Strange Books

This blog post is part of a publication for Amplified Publishing Bristol + Bath Creative R+D. For the full publication, WhatsApp the words ‘strange books’ to +447380333721.

A post-it with a handwritten note reads: 'To amplify' / To increase volume / To enlarge or add detail

Even back when No Bindings was a playful, personal project, I was thinking about the ways in which pamphlets, letters and books are given more details, more life, or simply made louder by other mediums. 

One thing I focused on was “books made aloud”:

  • Author readings

  • Poetry performance

  • Storytime

In these ways, books are made loud by the voice of the author, the poet, the storyteller.


With printing being relatively costly, digitising these readings, performances and stories has been one way I have looked to add detail and volume to the books for audiences to enjoy.


But I, as the publisher, often see so much more than the end products. I see:

  • the movement of hands cutting and foldings over and over until a neat stack of 50 booklets lie ready to be pressed

  • the scribbles in sketchbooks and waste lino from relief prints made rich with ink.

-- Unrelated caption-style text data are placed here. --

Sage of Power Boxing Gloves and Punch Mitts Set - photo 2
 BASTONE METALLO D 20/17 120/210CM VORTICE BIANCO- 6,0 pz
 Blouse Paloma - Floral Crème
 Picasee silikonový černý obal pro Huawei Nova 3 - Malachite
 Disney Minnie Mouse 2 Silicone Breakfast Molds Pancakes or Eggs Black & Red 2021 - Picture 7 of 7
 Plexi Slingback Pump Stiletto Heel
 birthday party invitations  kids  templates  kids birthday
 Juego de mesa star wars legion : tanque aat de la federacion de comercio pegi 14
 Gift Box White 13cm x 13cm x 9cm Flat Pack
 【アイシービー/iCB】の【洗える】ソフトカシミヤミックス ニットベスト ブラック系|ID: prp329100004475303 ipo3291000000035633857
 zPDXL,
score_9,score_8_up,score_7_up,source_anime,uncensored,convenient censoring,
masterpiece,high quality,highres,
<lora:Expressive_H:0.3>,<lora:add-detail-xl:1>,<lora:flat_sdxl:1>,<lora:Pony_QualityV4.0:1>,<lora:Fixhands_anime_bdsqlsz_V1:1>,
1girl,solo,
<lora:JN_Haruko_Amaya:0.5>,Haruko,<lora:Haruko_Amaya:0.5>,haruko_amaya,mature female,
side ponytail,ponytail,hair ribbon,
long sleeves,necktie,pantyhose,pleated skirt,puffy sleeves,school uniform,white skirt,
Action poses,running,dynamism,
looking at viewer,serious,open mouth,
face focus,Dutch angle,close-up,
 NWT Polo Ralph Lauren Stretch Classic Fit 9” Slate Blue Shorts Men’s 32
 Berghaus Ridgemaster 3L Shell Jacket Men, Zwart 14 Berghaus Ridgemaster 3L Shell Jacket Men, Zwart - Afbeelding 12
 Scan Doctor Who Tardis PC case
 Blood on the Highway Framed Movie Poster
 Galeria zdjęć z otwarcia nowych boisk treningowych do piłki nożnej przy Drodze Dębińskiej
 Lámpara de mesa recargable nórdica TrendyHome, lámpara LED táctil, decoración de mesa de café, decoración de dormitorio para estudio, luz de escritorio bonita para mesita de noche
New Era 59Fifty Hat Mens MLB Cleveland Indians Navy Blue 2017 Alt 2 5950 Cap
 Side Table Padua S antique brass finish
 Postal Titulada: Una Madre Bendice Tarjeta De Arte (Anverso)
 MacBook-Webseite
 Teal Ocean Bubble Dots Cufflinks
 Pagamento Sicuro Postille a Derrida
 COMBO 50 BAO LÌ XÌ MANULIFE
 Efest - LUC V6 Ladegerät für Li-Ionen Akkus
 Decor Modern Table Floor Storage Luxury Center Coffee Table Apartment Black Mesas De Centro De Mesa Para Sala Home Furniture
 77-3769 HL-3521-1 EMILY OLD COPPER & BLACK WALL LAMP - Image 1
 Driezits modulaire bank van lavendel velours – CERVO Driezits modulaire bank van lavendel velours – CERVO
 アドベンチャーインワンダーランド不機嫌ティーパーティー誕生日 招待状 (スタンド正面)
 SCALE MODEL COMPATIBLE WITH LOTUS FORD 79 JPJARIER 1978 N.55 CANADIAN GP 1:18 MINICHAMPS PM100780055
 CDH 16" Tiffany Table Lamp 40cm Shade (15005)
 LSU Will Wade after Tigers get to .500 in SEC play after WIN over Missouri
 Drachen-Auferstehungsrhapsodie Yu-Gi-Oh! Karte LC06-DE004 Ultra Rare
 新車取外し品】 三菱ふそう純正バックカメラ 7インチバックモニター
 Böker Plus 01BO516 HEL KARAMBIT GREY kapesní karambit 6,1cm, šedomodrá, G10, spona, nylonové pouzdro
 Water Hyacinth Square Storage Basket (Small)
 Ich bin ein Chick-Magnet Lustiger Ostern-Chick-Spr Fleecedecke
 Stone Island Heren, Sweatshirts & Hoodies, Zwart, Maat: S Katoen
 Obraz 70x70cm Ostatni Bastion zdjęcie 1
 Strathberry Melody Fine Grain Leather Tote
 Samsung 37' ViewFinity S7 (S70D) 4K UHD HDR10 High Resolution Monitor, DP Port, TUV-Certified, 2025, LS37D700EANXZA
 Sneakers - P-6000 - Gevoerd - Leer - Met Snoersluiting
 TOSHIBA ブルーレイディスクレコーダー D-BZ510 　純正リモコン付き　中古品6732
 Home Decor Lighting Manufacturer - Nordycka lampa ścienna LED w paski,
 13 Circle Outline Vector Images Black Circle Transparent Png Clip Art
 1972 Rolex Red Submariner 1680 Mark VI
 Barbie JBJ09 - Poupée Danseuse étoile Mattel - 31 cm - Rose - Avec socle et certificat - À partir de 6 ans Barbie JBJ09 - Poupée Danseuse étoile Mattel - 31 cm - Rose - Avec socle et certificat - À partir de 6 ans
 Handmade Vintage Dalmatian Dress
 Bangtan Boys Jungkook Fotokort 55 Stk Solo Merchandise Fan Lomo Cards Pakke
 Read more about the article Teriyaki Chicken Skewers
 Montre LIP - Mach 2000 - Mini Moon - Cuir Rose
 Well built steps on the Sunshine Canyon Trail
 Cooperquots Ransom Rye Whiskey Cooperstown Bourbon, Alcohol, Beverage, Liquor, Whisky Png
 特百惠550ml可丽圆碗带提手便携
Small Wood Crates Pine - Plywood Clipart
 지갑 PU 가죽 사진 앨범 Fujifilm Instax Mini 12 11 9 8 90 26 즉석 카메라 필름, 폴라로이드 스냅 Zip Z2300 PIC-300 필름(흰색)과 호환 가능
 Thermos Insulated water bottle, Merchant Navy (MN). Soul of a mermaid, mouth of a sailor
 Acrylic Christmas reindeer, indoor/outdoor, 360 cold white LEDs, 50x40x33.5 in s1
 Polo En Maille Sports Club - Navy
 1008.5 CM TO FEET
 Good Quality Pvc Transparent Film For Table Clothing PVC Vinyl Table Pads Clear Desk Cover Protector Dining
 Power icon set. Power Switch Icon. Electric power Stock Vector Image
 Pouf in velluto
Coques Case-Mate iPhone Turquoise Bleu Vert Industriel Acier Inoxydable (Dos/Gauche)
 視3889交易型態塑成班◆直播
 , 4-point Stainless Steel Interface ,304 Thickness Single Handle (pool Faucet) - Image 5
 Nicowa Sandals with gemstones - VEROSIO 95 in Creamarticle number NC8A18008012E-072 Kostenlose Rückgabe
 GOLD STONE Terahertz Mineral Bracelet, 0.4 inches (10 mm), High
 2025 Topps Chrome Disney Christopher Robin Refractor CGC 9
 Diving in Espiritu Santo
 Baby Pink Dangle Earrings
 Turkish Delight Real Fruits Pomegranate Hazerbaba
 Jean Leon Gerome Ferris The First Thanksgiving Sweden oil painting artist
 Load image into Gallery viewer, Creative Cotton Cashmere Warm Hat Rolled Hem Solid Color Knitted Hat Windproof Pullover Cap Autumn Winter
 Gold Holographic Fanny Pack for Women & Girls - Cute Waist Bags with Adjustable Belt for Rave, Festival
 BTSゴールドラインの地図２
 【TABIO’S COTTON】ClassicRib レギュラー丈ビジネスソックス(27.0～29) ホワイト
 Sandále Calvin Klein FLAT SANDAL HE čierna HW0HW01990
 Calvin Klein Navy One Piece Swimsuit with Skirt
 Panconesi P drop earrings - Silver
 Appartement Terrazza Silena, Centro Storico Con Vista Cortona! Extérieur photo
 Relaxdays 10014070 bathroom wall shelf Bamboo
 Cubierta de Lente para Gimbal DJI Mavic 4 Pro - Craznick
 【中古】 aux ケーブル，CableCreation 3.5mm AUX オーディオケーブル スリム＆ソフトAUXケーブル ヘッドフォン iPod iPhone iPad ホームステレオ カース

  • And in the cases of books made with community art groups and organisations, I see the poetry workshops and writing sessions that gently nurtured poems and prose from folks who have said “I can’t write” “I don’t know how”.

 

To me, it’s sometimes this network of people that truly says “amplified publishing”. The book is actually part of a constellation of contributors and concepts and places and time spent and connections made. And when we bring folks into the publishing experience for the first time, it is publishing itself, be that the processes or the industry, that is acted upon, innovated, amplified.

 

As I challenge myself to produce, promote and distribute No Bindings’ most “normal” book to date, I come back again and again to thinking about publishing as an art form; a tool for gathering ideas and artists together into a cultural object. 

 

Perhaps the tension will forever be between:

  1. The fact this book was made is important enough.

  2. If that book isn’t read, does all that hard work mean nothing?